Copy out all of the lines below exactly; the pictures do not belong in the copy.

→ **GIVEN DATA**:
>>

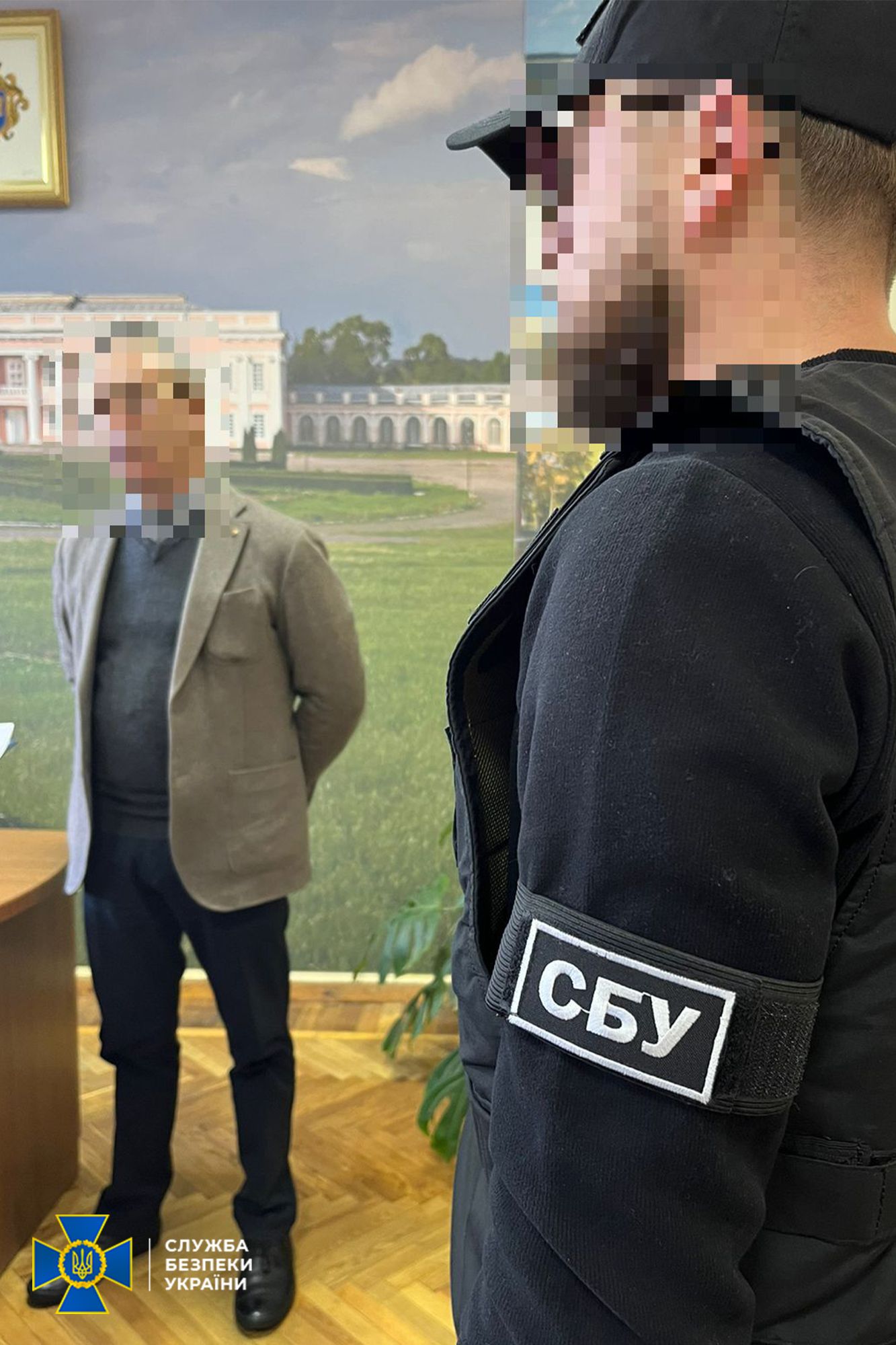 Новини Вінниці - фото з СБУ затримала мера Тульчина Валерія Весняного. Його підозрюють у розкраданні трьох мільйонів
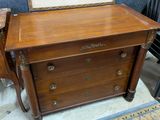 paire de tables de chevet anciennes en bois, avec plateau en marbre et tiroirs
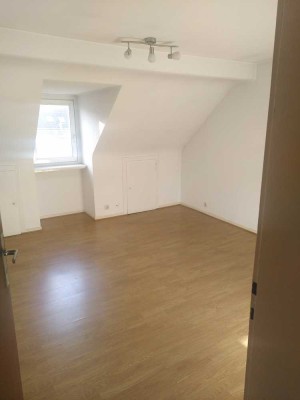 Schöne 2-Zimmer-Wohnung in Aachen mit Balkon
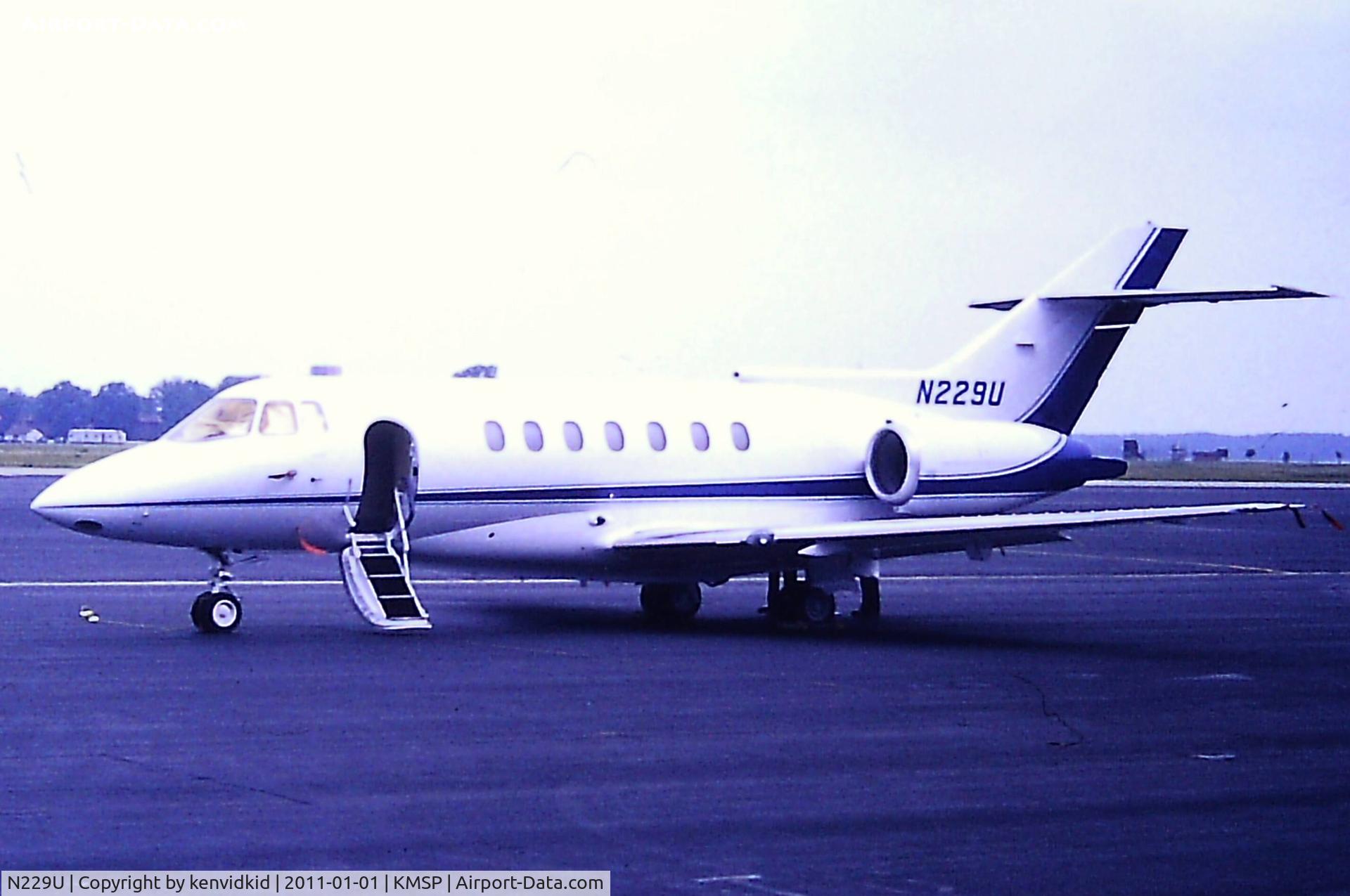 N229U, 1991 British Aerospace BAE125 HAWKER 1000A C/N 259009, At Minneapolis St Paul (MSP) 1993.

<<

→ **ANSWER FOR THE TASK**:
 Новини Вінниці - фото з СБУ затримала мера Тульчина Валерія Весняного. Його підозрюють у розкраданні трьох мільйонів
 paire de tables de chevet anciennes en bois, avec plateau en marbre et tiroirs
 Schöne 2-Zimmer-Wohnung in Aachen mit Balkon
 N229U, 1991 British Aerospace BAE125 HAWKER 1000A C/N 259009, At Minneapolis St Paul (MSP) 1993.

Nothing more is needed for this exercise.